With a flood of new aircraft programs taking shape, the Pentagon still doesn’t have a portfolio plan that rationalizes its all-service tactical aviation activities, the Government Accountability Office told the House Armed Services Committee this week.
Creating such a plan would help the Defense Department and Congress alike size up the true priorities in TacAir and put funds against the most pressing needs, the GAO reported. It also said the joint-service F-35 continues to lag behind planned schedules, and that its engine issues are being addressed without a business case analysis in place.
In March 29 testimony before the House Armed Services Committee panel on tactical aviation, GAO’s Jon Ludwigson, director of contracting and national security acquisition, said the DOD is in the midst of updating almost all of its TacAir programs, roughly half of which “were first produced before 2000 and are more than 25 years old.”
While the Pentagon is pushing this raft of new airplanes, it still “lacks key portfolio-level analysis to better inform its decisions,” despite no fewer than eight TacAir reviews conducted by the DOD between 2020 and 2022. Ludwigson said the GAO thinks a rationalized portfolio could save money by reducing unnecessary duplication of effort.
The Pentagon has not “conducted an integrated analysis that provides insights into the interdependencies and risks across all tactical air platforms and all services,” Ludwigson said, referring to an audit GAO did in December 2022.
“We believe that conducting an integrated portfolio review would benefit DOD and the Congress, as they balance these decisions,” he said. In fiscal 2023, TacAir modernization programs totaled more than $20 billion across the services, he noted, and that bill balloons to over $100 billion across the future years defense plan.
Responding to the GAO in December, the Pentagon said it expects to do a portfolio-wide analysis of its TacAir plans in the next year or two.
The Air Force and Navy both are pursuing Next-Generation Air Dominance fighters—which despite the identical names are different programs with different requirements and timelines. They are likewise separately pursuing uncrewed combat aircraft programs and new examples of fourth generation fighters, while jointly building different variants of the F-35 as their main crewed tactical aviation asset.
Offering insights from a not-yet-published report on the F-35, Ludwigson said “challenges continue to delay completion of the baseline development” and put F-35 modernization at risk.
“The program has struggled to complete and validate the simulator needed for final testing. In addition, aircraft and engines have been delivered late and have not met reliability/maintainability metrics set for them,” he said.
Meanwhile, the Block 4 upgrade of the F-35 needed to face modern threats” has “continued to lag schedule estimates, exceed cost estimates” and grown in scope, Ludwigson noted.
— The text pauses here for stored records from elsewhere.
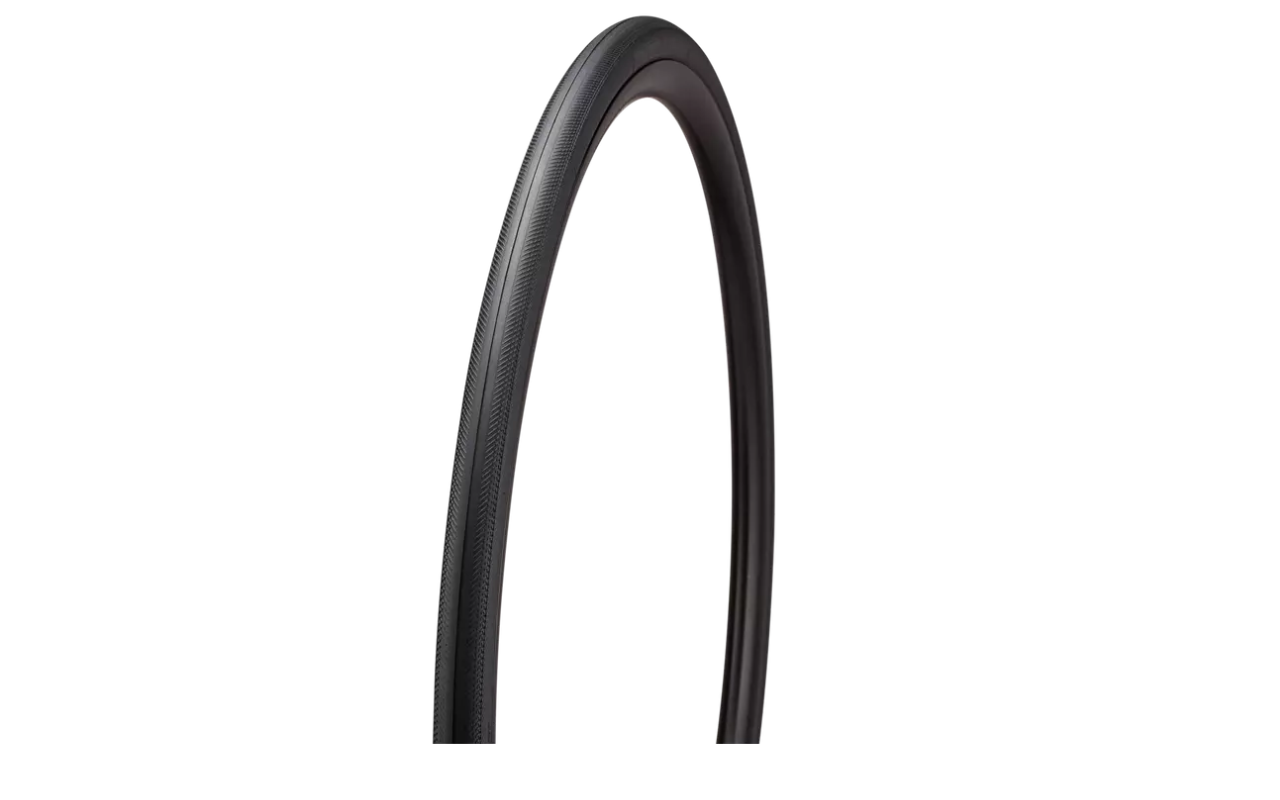 Mondo TLR Endurance Tire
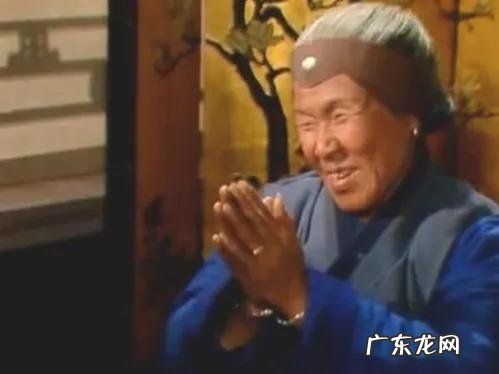 《红楼梦》“第一寿星”养生秘诀:学会5点,活到百年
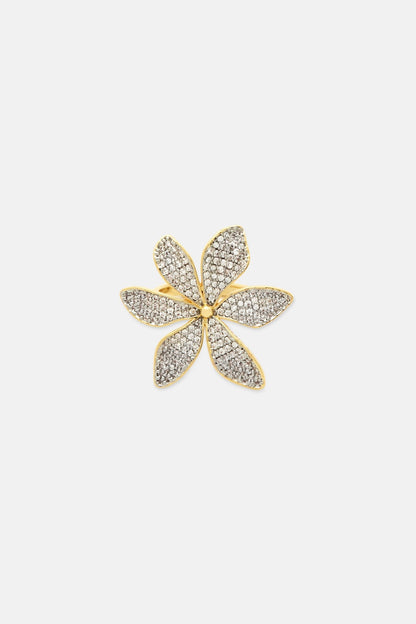 ORO/CRISTAL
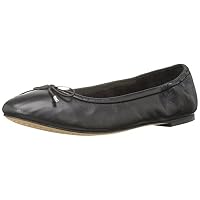 Amazon Brand - 206 Collective Women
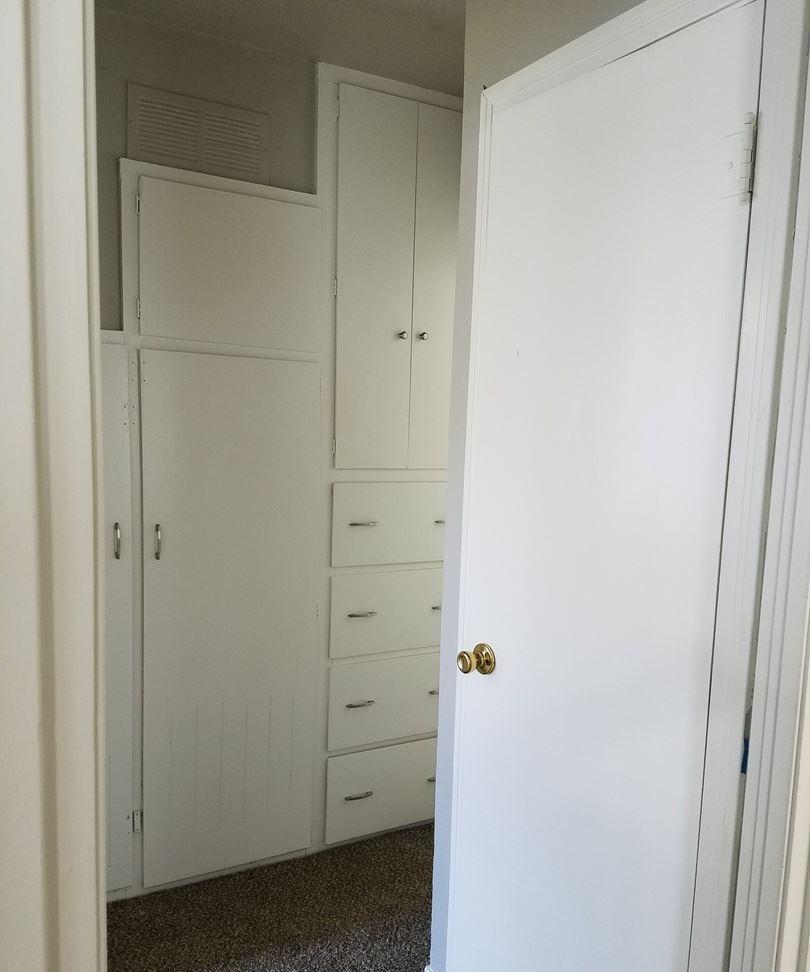 /static/images/house/4590/10f295b1a18579a6dc3ee899f35ad786.jpg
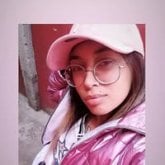 Foto de perfil de luciabarrios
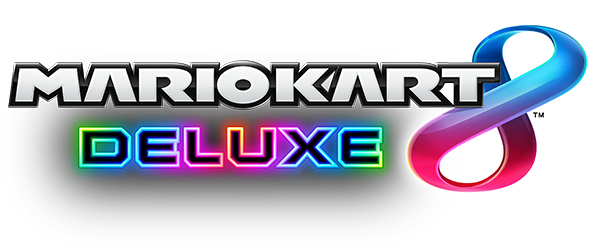 Mario Kart - Red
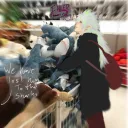 𝔗𝔥𝔢 ℌ𝔞𝔲𝔫𝔱𝔢𝔡 ℭ𝔲𝔩𝔱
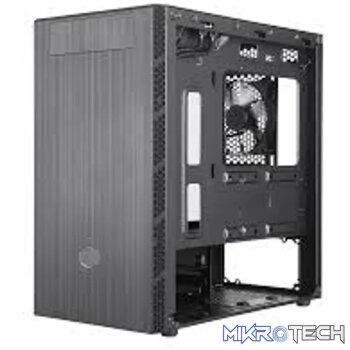 Cooler Master MasterBox MB400L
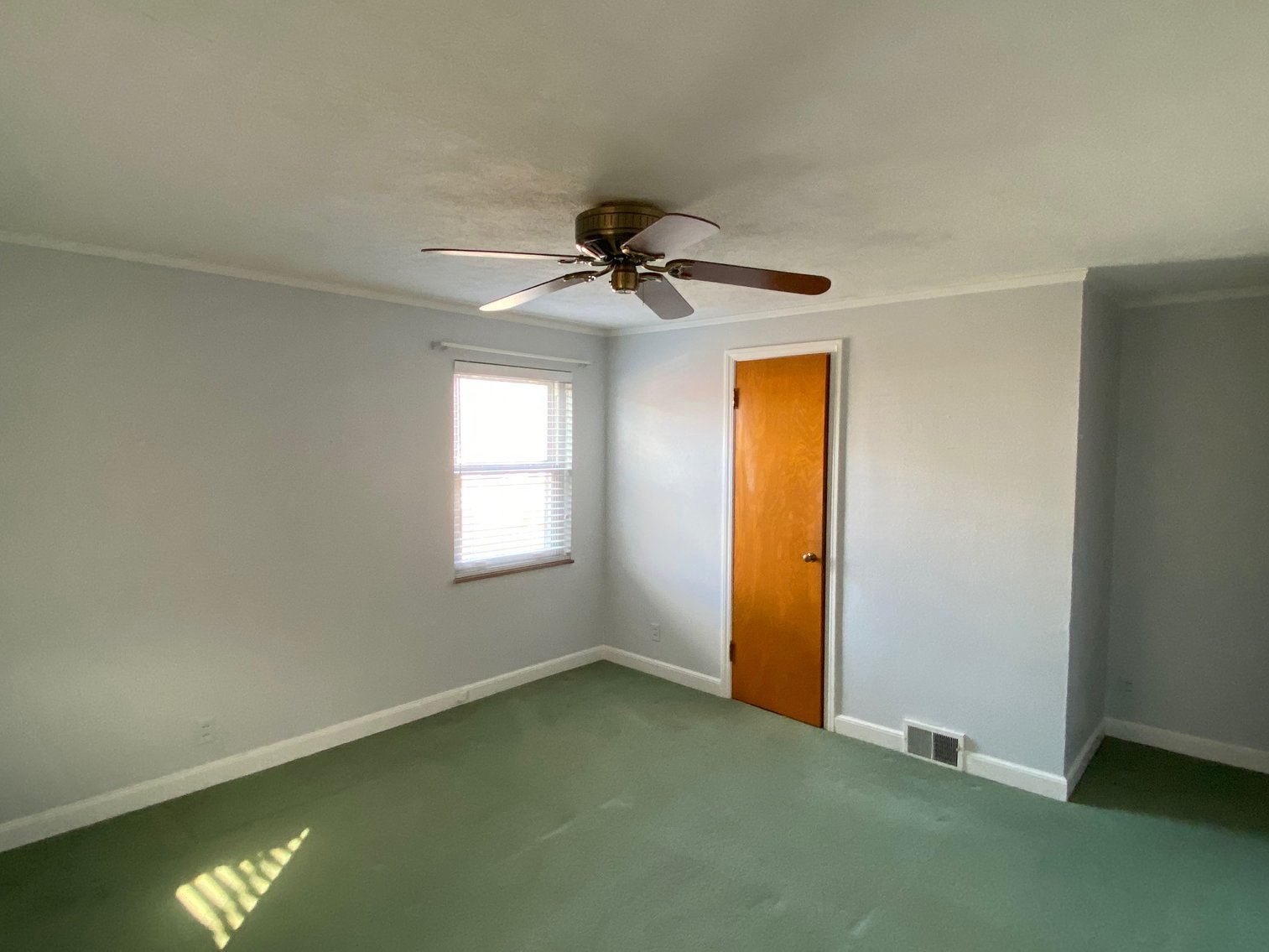 Image for SOLD $165,000 - Spacious Duplex – 2 Bedroom Units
The original engine specifications of the F-35 didn’t take into account “the eventual full cooling and power needs of the aircraft, which contributed to accelerated wear and tear on the existing engine. Further, the existing cooling system and engine faces limits in supporting new planned capabilities,” Ludwigson said, a reference to additional cooling needed for the new hotter-running electronics that will be incorporated in the Block 4 version of the fighter.
The Pentagon is moving toward an Engine Core Upgrade of the F135 powerplant, particularly to the F135’s thermal management system, but “based on our preliminary analysis, these engine-related efforts lack key elements of a full business case to support decisions and are proceeding without requirements,” Ludwigson said, setting the stage for the program to come up short if there are no firm targets against wish to measure it.
At the very least, the F-35’s “engine is underperforming, resulting in … increased wear and tear” on the powerplant, Ludwigson asserted.
“We’re … concerned that the program may seek to develop and acquire this complex, costly and important upgrade” of the F135 “within the F-35 program, without its own baseline cost and schedule,” he said.
The Block 4 upgrade alone is expected to cost $16.5 billion, Ludwigson said, and GAO’s observations of the effort “point to increases in scope, costs, and delays,” he said.
Meanwhile, until DOD verifies that the “simulator can conduct complex test scenarios that accurately replicate real-world conditions, the F-35 will be unable to complete initial operational testing,” Ludwigson said.